The Department of Health confirmed today that, for the second day in a row, there have been no new deaths related to Covid-19 meaning that the number of deaths due to the virus remains at 1,706.

A total of 18 new cases have been confirmed bringing the total number of people who have been diagnosed with Covid-19 in Ireland to 25,321.

At the bi-weekly meeting of the National Public Health Emergency Team (NPHET), chief medical officer, Dr Tony Holohan, said there have been no admissions to ICUs since June 9, while there are 78 confirmed cases in hospital.

There are a total of 471 clusters of the virus in residential care facilities — an increase of six since last Thursday. Five of these relate to the nursing home sector which now has a total of 256 clusters.

Dr Holohan said that 297 of the 471 clusters are regarded as closed as they haven't had "an incident case in the past 28 days", while 174 of the nursing home clusters are also deemed closed.

One new cluster has been reported in a meat factory.

New research from the Department of Health also revealed that 61% of the population feel it is likely that Ireland will be hit with a second wave of Covid-19. A total of 34% said they are now wearing a face mask.

Meanwhile, more than €1.6bn has been paid out in support of almost 900,000 workers under the pandemic unemployment payment (PUP) and wage subsidy schemes since March.

The latest figures furnished by the Department of the Taoiseach show that €1.5bn has been paid out under the temporary wage subsidy scheme (TWSS) and a further €175 million has been paid out under the PUP.

An estimated 400,000 people are receiving TWSS support and a further 498,000 people are receiving PUP support but numbers are beginning to fall as the economy reopens.

Elizabeth Canavan, assistant secretary-general, Department of the Taoiseach, confirmed at Monday’s daily briefing that 108,000 people had closed PUP claims since the beginning of phase-one on May 18. Ms Canavan added that the take-up of business supports also remains “strong”.

More than 2,100 businesses have applied for €5 million under the trading online voucher scheme, which represents “three year’s worth of applications” over a three-month period, and Microfinance Ireland has approved more than 500 loans with a value of over €13 million.

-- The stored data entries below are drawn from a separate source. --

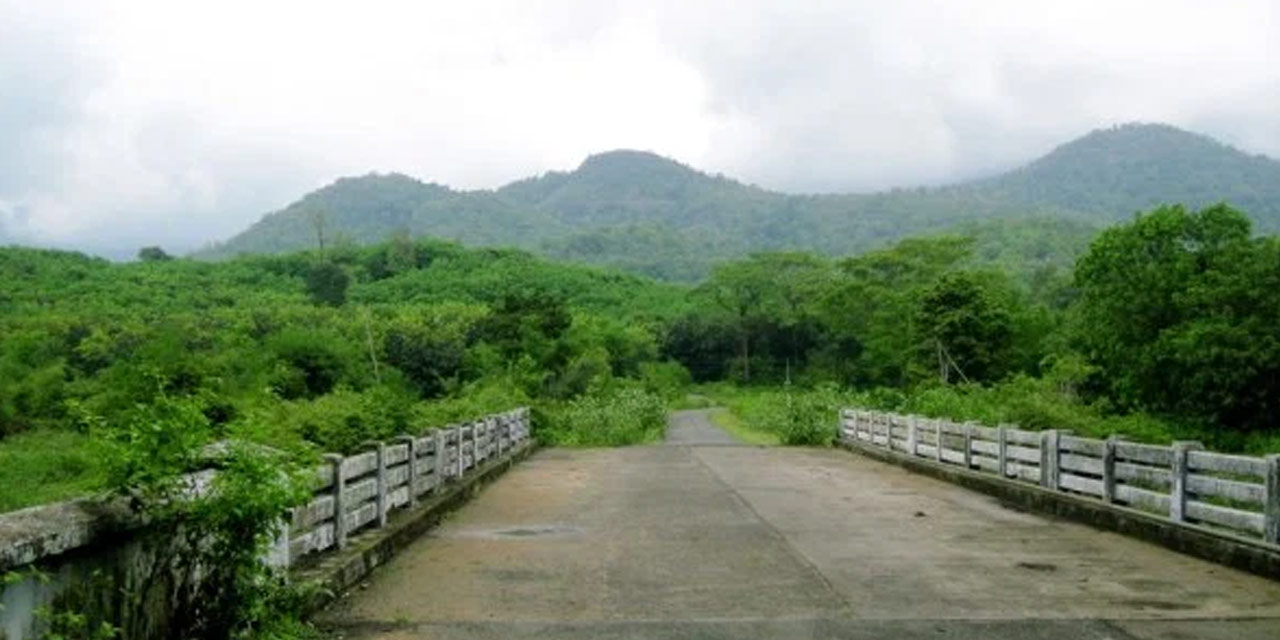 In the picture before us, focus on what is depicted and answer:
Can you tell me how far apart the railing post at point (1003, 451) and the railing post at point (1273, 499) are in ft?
26.1

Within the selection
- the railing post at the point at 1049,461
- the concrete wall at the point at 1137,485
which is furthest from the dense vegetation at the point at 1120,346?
the railing post at the point at 1049,461

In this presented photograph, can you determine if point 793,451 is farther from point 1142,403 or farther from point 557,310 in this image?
point 557,310

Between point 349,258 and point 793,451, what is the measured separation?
11825 cm

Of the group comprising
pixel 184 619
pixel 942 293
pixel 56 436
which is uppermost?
pixel 942 293

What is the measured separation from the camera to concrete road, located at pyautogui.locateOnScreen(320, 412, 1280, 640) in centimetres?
805

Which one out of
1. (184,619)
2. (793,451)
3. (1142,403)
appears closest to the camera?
(184,619)

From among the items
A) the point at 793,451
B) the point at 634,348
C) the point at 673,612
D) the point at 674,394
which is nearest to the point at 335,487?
the point at 673,612

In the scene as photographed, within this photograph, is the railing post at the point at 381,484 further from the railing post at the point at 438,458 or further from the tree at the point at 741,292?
the tree at the point at 741,292

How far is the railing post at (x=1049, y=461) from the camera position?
52.4 feet

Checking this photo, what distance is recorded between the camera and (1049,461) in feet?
52.9

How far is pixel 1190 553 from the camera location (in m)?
11.3

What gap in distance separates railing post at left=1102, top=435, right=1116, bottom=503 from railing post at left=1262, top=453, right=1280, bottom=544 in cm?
369

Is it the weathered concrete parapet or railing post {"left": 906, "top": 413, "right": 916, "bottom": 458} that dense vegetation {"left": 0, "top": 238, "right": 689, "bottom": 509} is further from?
railing post {"left": 906, "top": 413, "right": 916, "bottom": 458}

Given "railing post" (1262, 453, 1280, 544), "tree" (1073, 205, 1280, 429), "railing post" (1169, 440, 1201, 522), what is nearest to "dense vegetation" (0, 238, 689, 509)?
"railing post" (1262, 453, 1280, 544) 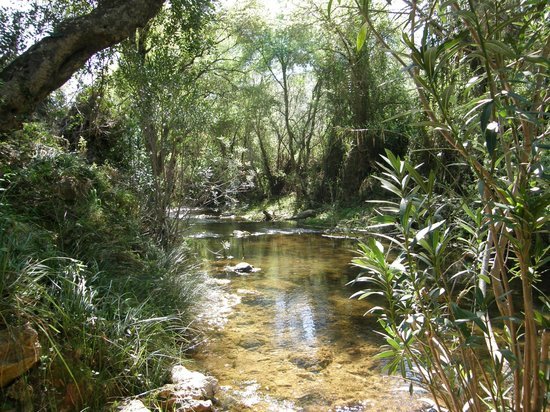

The Government is also rolling out an emergency rent supplement for victims of domestic violence. The three-month payment will ensure that victims of domestic violence “are not prevented from leaving their home because of financial concerns” and the payment will be facilitated by referral through Tusla funded services, the Gardai and HSE.

As shopping centres reopen this week and nursing homes are beginning to ease visitor restrictions, Ms Canavan highlighted the importance of adhering to public health guidance on hand hygiene, sneezing and cough etiquette, social distancing, and wearing a face mask or covering.

Anyone intending on visiting a loved one in a nursing home is urged to call ahead to check on what arrangements are in place.

Ms Canavan said visiting shopping centres will be a “different experience” as numbers will be restricted and queuing for shops may be necessary.

“A key concern is to avoid large groups congregating so bear this in mind as you shop and avoid busy areas in shops as much as you can,” she said.

Face masks or coverings, she said, are recommended for those who can wear them, especially in situations where it may be difficult to socially distance.

“It is important how you use your face mask or other covering. It is important how you dispose of it and if it’s resuable, how you keep it clean. Advice on all of this, including how to make your own facemask is available on gov.ie,” Ms Canavan said.

Anyone showing symptoms of infection is also urged to self-isolate and contact their GP.

Meanwhile the Government has provided €32,000 in funding to support a series of online gigs hosted by music publication, Hotpress, from Monday night.

The ‘Lockdown Young and Emerging Series’ of concerts begins at 7.30pm on Hotpress’s Instagram account and will see 40 new and emerging artists play live every night for the next 40 nights.

As childcare services prepare to reopen from June 29, a ‘Let’s Get Ready’ campaign has been launched to support children and parents. Information is available online at Gov.ie/letsgetready for parents of children returning to childcare or attending childcare or primary school for the first time in September.

On the sporting front, Sport Ireland has developed a ‘Return to Sport COVID-19 Awareness e-learning course, which is available free of charge to assist sports groups and clubs to return to training and practice.

The course, which is available on www.gov.ie, covers hand and equipment hygiene, contact tracing, and recording attendance.